[EXCERPTED RECORDS]

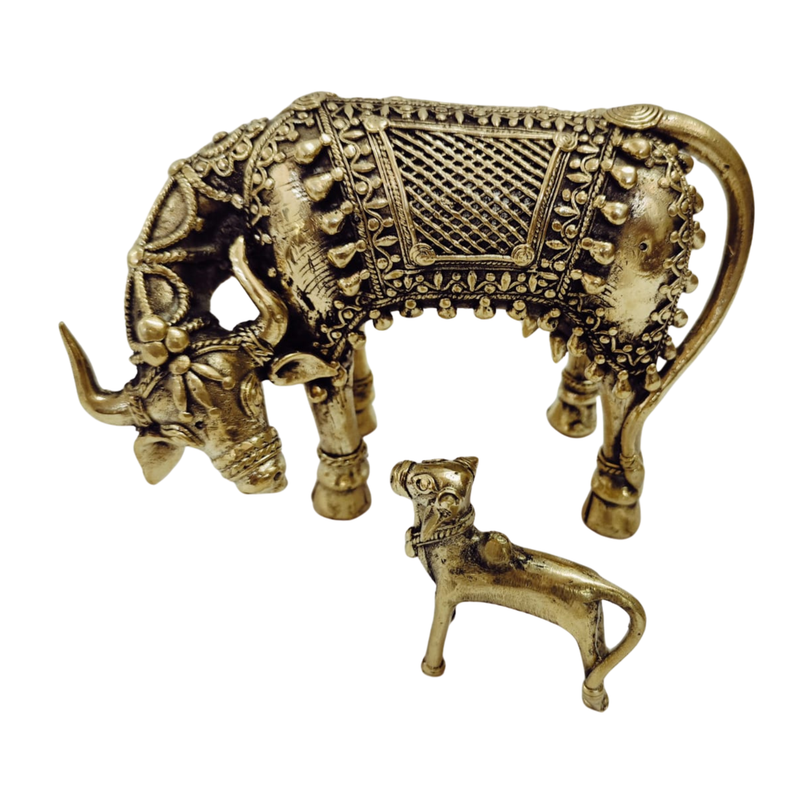 Dhokra Designer Cow with Calf – Handcrafted Brass Tribal Figurine | Bastar Art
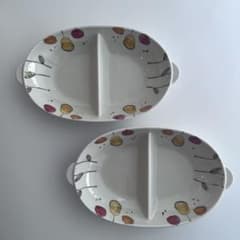 波佐見焼 | 2枚セット仕切り付きプレート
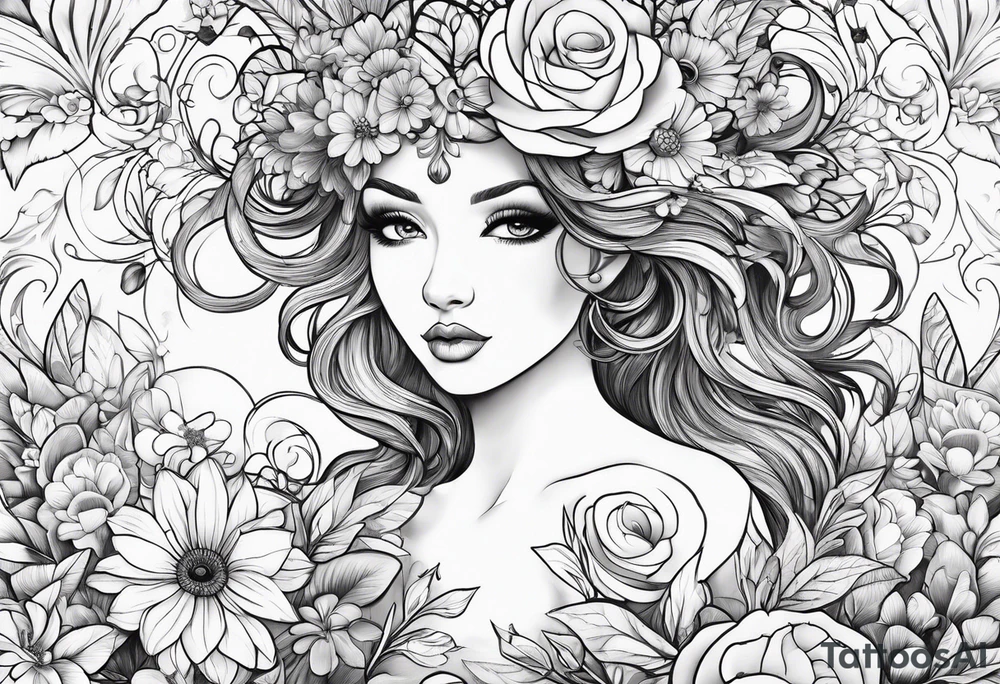 Flowers and fairies tattoo idea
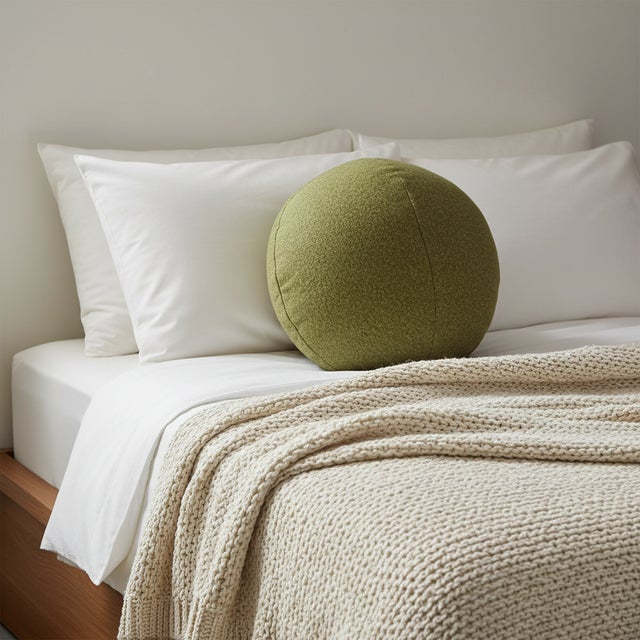 Textile Qivuit Green Round Pillow For Sale - Image 7 of 7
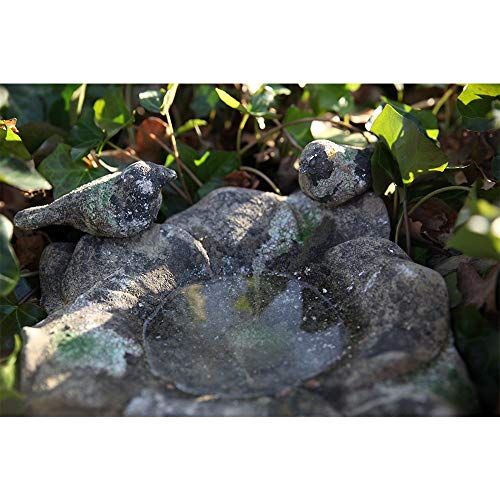 Esschert Design Aged Ceramic Rectangular Bird Bath Moss W/2 Birds, Green - Large #TOP6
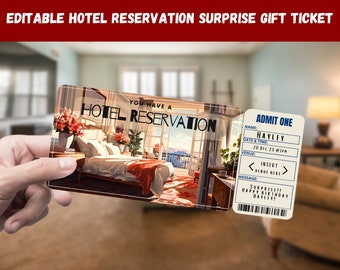 Hotel Reservation Surprise Ticket: Editable Travel Gift (Digital Download)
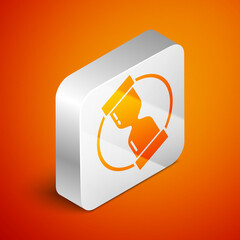 Isometric Old hourglass with flowing sand icon isolated on orange background. Sand clock sign. Business and time management concept. Silver square button. Vector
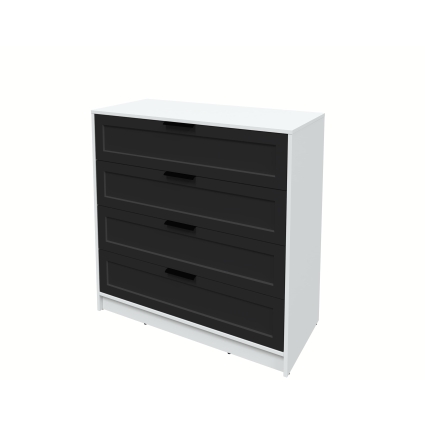 Kомод Тренд КТ-К100 (Белый ЛДСП/ Черный ЛМДФ) Ш1000 В1020 Г451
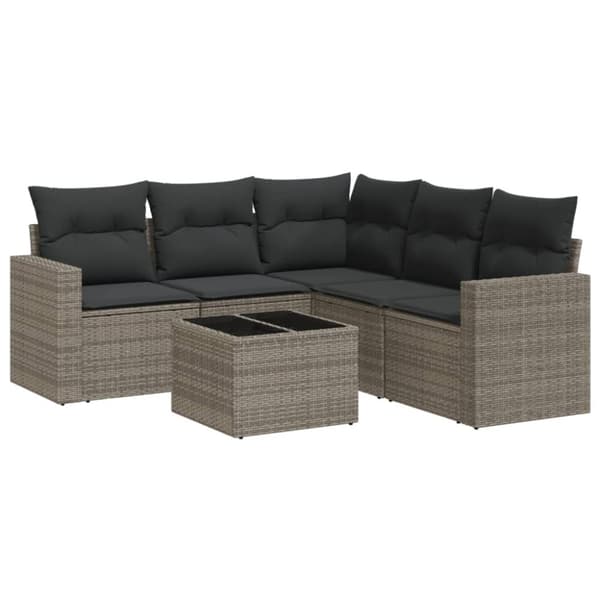 vidaXL sofasæt til haven 6 dele med hynder polyrattan grå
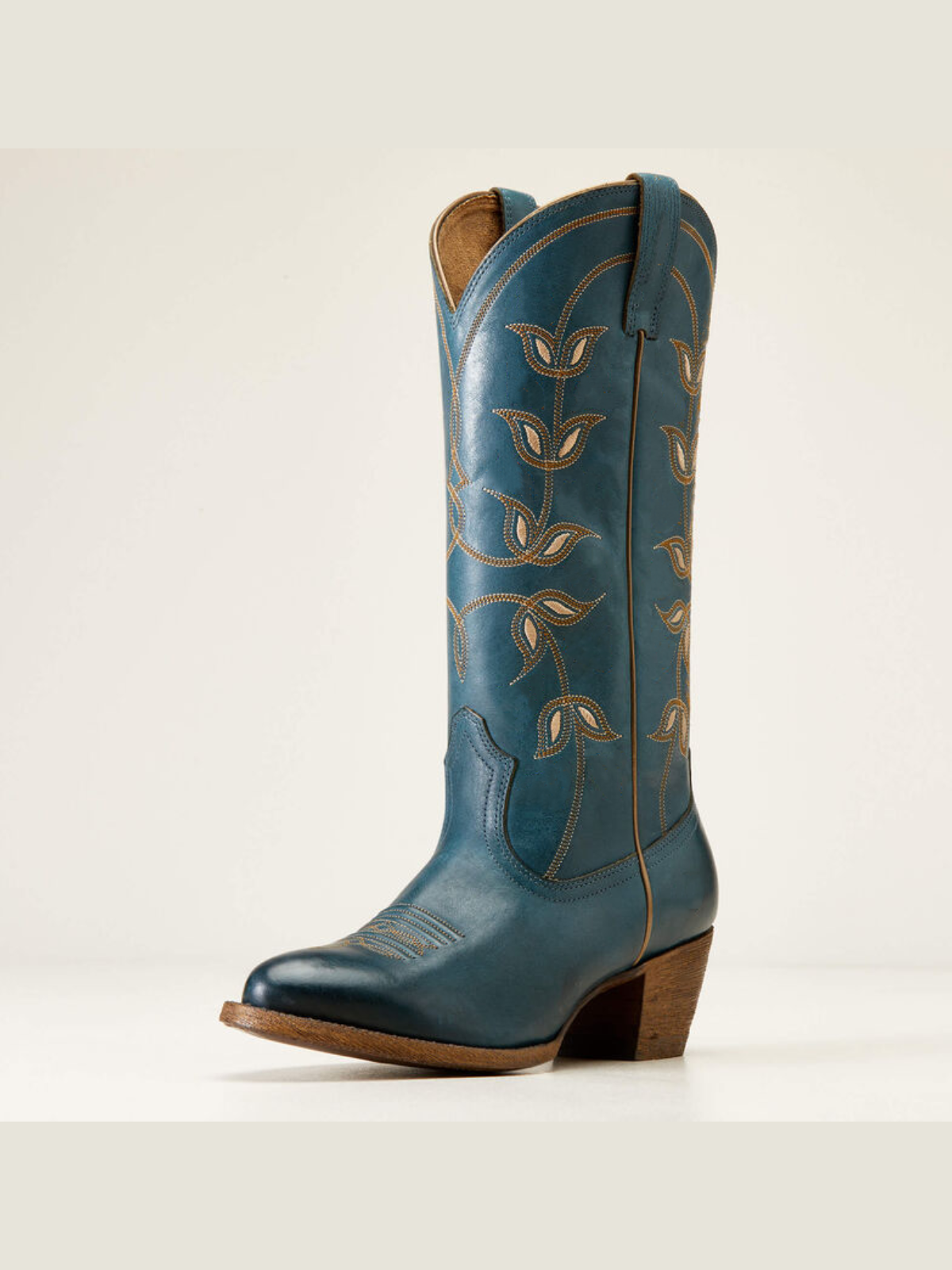 Blue Floral Embroidery Almond-Toe Wide Mid Calf Cowgirl Tall Boots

[/EXCERPTED RECORDS]

→ **ASSIGNMENT**: All lines after and including the one with "Textile Qivuit Green", through the end of the entries above, should be output exactly and by themselves. The pictures are to be left out.

→ **RESULT FOR THIS EXERCISE**:
 Textile Qivuit Green Round Pillow For Sale - Image 7 of 7
 Esschert Design Aged Ceramic Rectangular Bird Bath Moss W/2 Birds, Green - Large #TOP6
 Hotel Reservation Surprise Ticket: Editable Travel Gift (Digital Download)
 Isometric Old hourglass with flowing sand icon isolated on orange background. Sand clock sign. Business and time management concept. Silver square button. Vector
 Kомод Тренд КТ-К100 (Белый ЛДСП/ Черный ЛМДФ) Ш1000 В1020 Г451
 vidaXL sofasæt til haven 6 dele med hynder polyrattan grå
 Blue Floral Embroidery Almond-Toe Wide Mid Calf Cowgirl Tall Boots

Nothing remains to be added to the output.